> _YOUR OBJECTIVE_
In this exercise, the entries below include pictures. Repeat exactly the lines from the line with "Hi y'all! My" to the line with "This is a 2010", including both, but without the pictures.

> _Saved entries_
=== Section Start ===

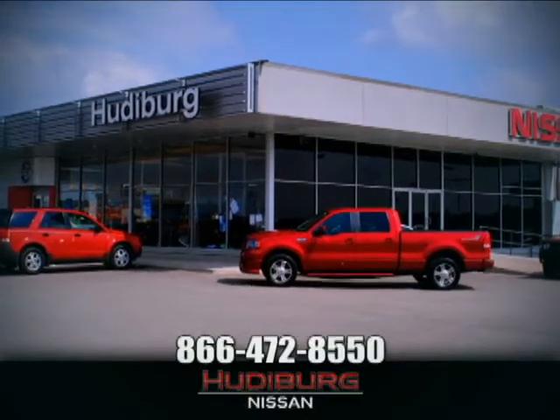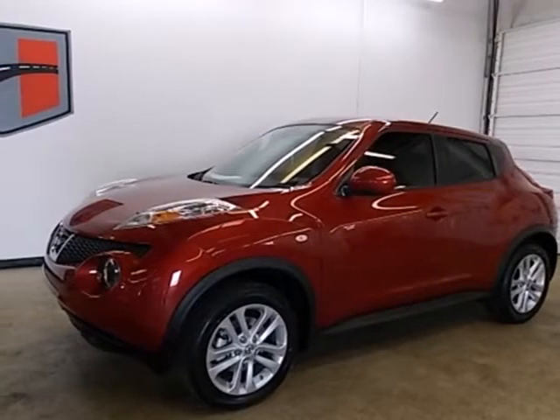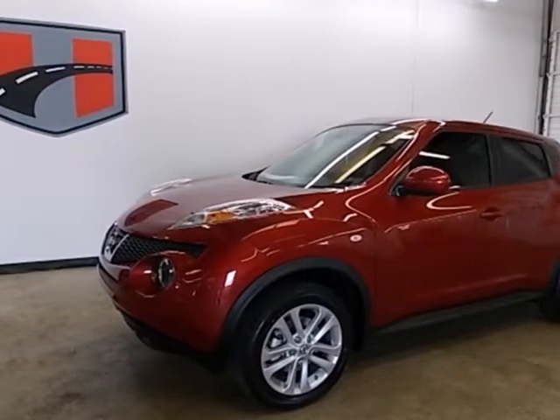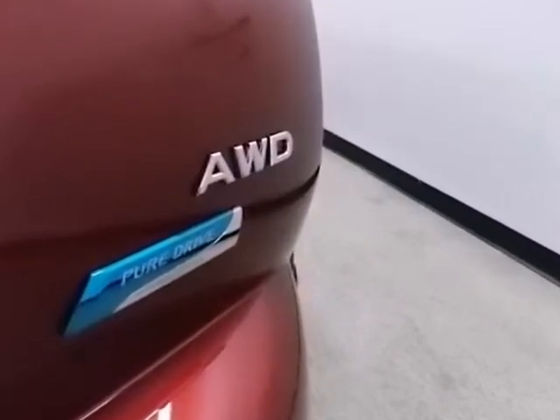At Hudeburg Nissan, we'll give you more. It's a 2013 Nissan Juke. This crossover is the perfect size to seat 5 and still thrill you.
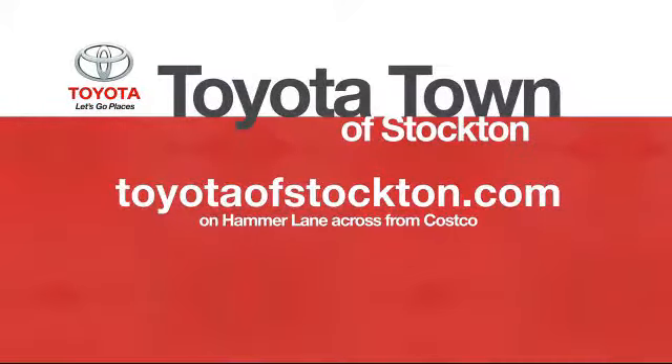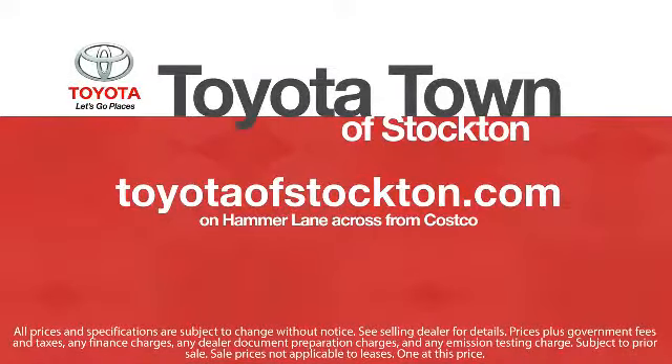Toyota Town of Stockton has a great selection of Toyota certified vehicles. We hope you'll give us the opportunity to show you what excellence in customer service looks like. So give us a call or stop by — we're located at 2150 East Hammer Lane in Stockton.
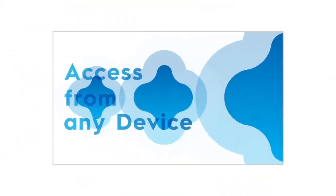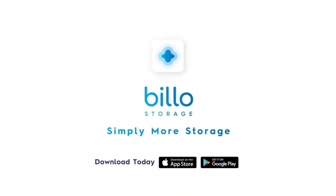Access any file on any device anywhere. Back it up with Billo. Simply more storage.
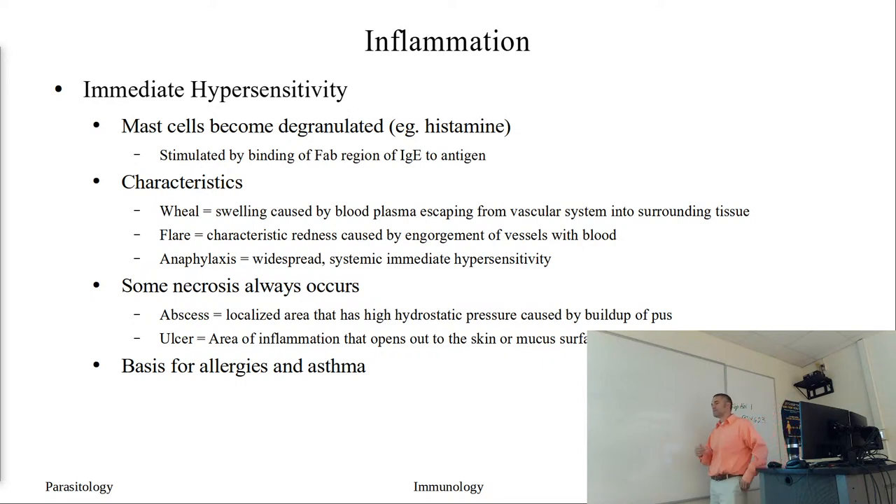A localized area has high hydrostatic pressure due to pus developing inside it. An ulcer is basically an open wound - it could be on the surface of our skin, and we'll see a parasite that does that, or it could be an ulcer inside the body, often in the gastrointestinal tract. Allergies are used as an example; this is the basis for allergies and also for asthma - why you get this rapid onset.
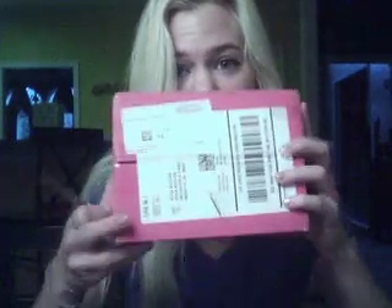Hi y'all! My Birchbox for April came last night, right as I was leaving for work, and I have been so well behaved because I have not opened it yet. I really wanted to, but I also wanted to film the video, so I got up a little bit early this morning to film it before I go to school because I'm so excited.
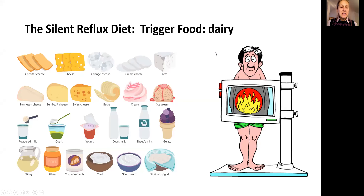Hi friends, many of you have already seen my video on my channel on the topic of the 8 most common causes of acid reflux. Today I decided to elaborate a little bit on this topic, and we'll talk about silent reflux and dairy products as a possible trigger of silent reflux.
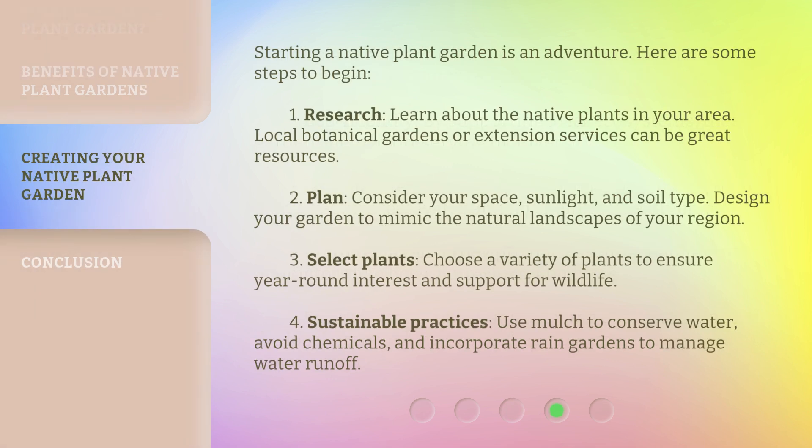Starting a native plant garden is an adventure. Here are some steps to begin. 1. Research: learn about the native plants in your area — local botanical gardens or extension services can be great resources. 2. Plan: consider your space, sunlight, and soil type, and design your garden to mimic the natural landscapes of your region. 3. Select plants: choose a variety of plants to ensure year-round interest and support for wildlife. 4. Sustainable practices: use mulch to conserve water, avoid chemicals, and incorporate rain gardens to manage water runoff.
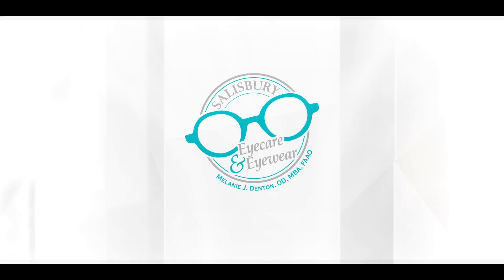Welcome to iSchool with Dr. D, where my goal is to arm you with the knowledge you need to take control of your eye health and have the best vision possible. Like and subscribe for videos every week.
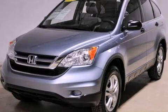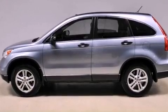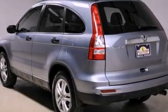This is a 2010 Honda CR-V, a great blend of utility, comfort, and style. It features a 2.4-liter four-cylinder engine and an automatic transmission.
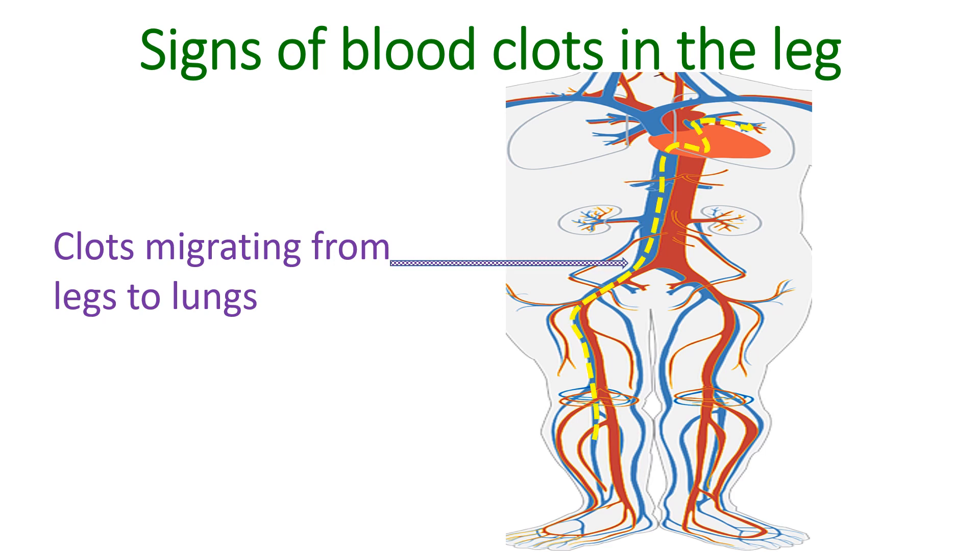Clots in the veins obstruct return of blood from the legs to the heart and lungs. The legs will become swollen and painful with a bluish-red color. Clots in the veins can migrate to the lungs and produce pulmonary embolism, a potentially fatal condition if it is massive. Clots travel up from the blood vessels in the legs through the blood vessels of the abdomen into the heart and then the lungs.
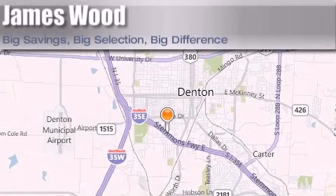James Wood Auto Park is located at 3906 Interstate 35E South in Denton. Our goal is to exceed all of your expectations to ensure that you'll return for future visits.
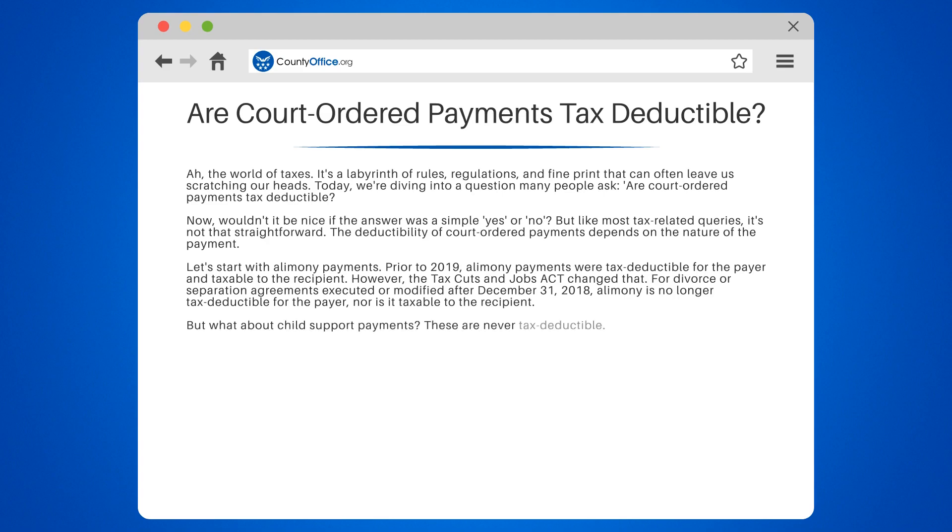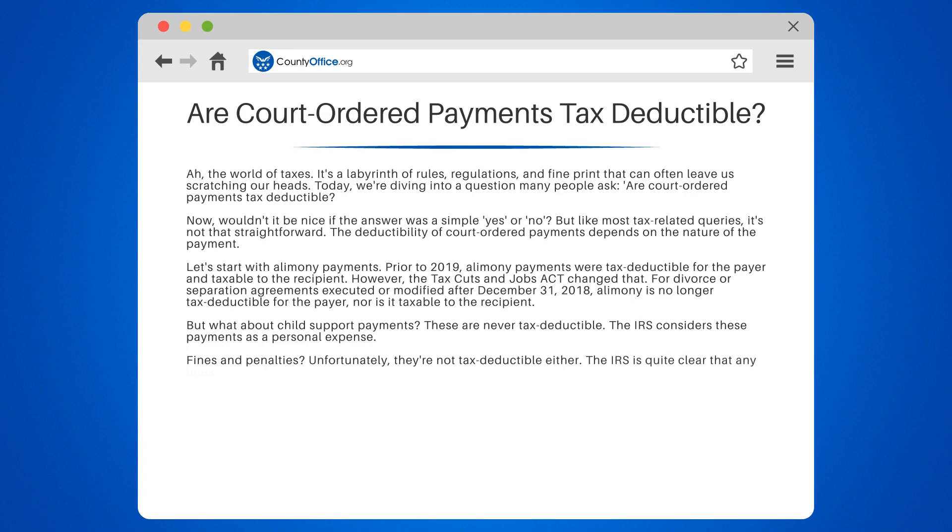But what about child support payments? These are never tax-deductible. The IRS considers these payments as a personal expense. Fines and penalties? Unfortunately, they're not tax-deductible either. The IRS is quite clear that any fines or penalties paid to a government for the violation of any law are not deductible.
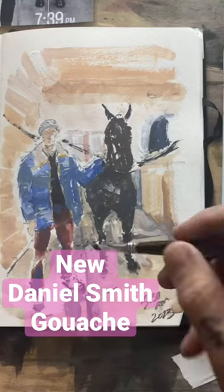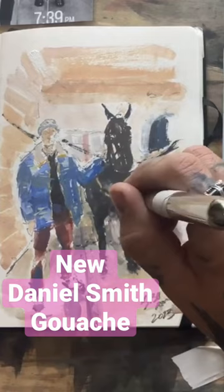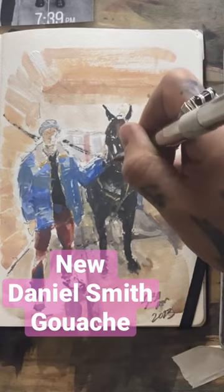The gouache accents the watercolor paints with velvety shadows or pops of color in your painting. At the time of recording this video, they have 22 wonderful colors, and 17 are single pigments. They're exceptional in lightfastness.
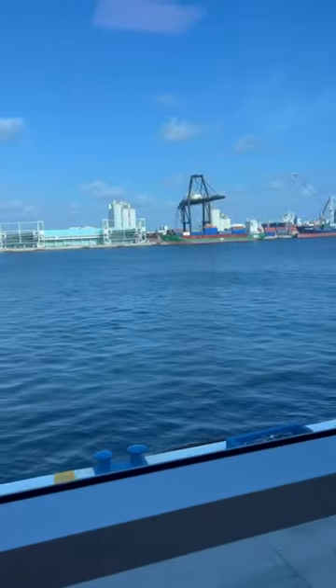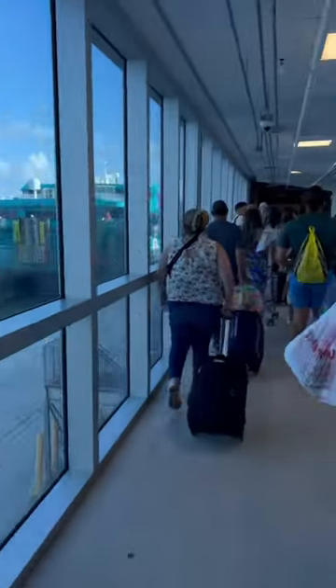Did you know the Bahamas is only a two-hour ferry ride from Fort Lauderdale? Grab snacks in the terminal — it's way cheaper than on the ferry or even on the island.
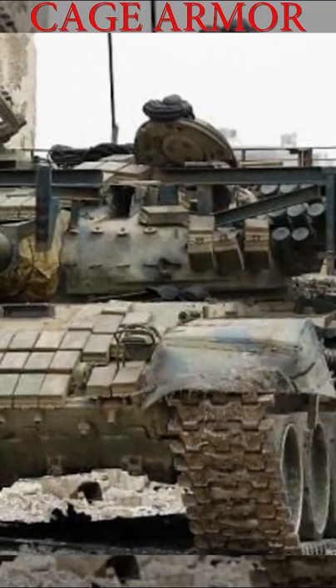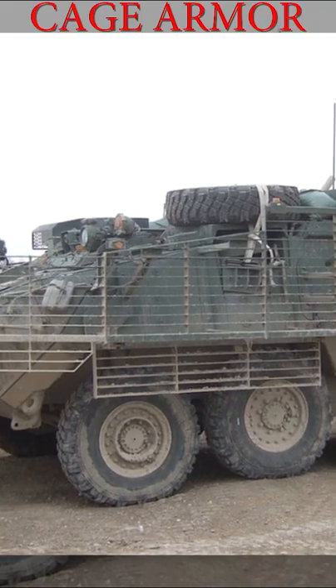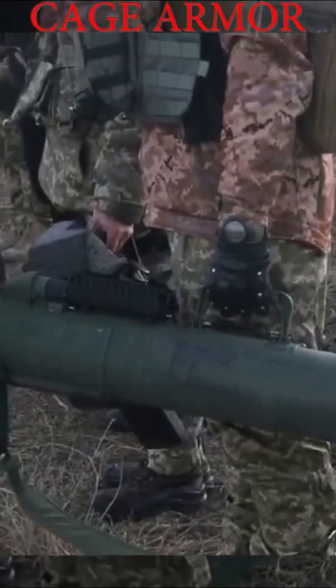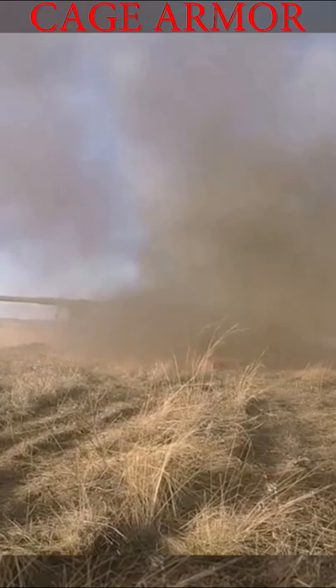You probably have seen the metal cage-like structure on many armored vehicles. This is basically a slat or cage armor. It is a type of vehicle armor designed to protect against high-explosive anti-tank rounds attacks, and it takes the form of a rigid slatted metal grid fitted around key sections of the vehicle.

=== Section End ===

> _PROBLEM SOLUTION_
Hi y'all! My Birchbox for April came last night, right as I was leaving for work, and I have been so well behaved because I have not opened it yet. I really wanted to, but I also wanted to film the video, so I got up a little bit early this morning to film it before I go to school because I'm so excited.
Hi friends, many of you have already seen my video on my channel on the topic of the 8 most common causes of acid reflux. Today I decided to elaborate a little bit on this topic, and we'll talk about silent reflux and dairy products as a possible trigger of silent reflux.
Starting a native plant garden is an adventure. Here are some steps to begin. 1. Research: learn about the native plants in your area — local botanical gardens or extension services can be great resources. 2. Plan: consider your space, sunlight, and soil type, and design your garden to mimic the natural landscapes of your region. 3. Select plants: choose a variety of plants to ensure year-round interest and support for wildlife. 4. Sustainable practices: use mulch to conserve water, avoid chemicals, and incorporate rain gardens to manage water runoff.
Welcome to iSchool with Dr. D, where my goal is to arm you with the knowledge you need to take control of your eye health and have the best vision possible. Like and subscribe for videos every week.
This is a 2010 Honda CR-V, a great blend of utility, comfort, and style. It features a 2.4-liter four-cylinder engine and an automatic transmission.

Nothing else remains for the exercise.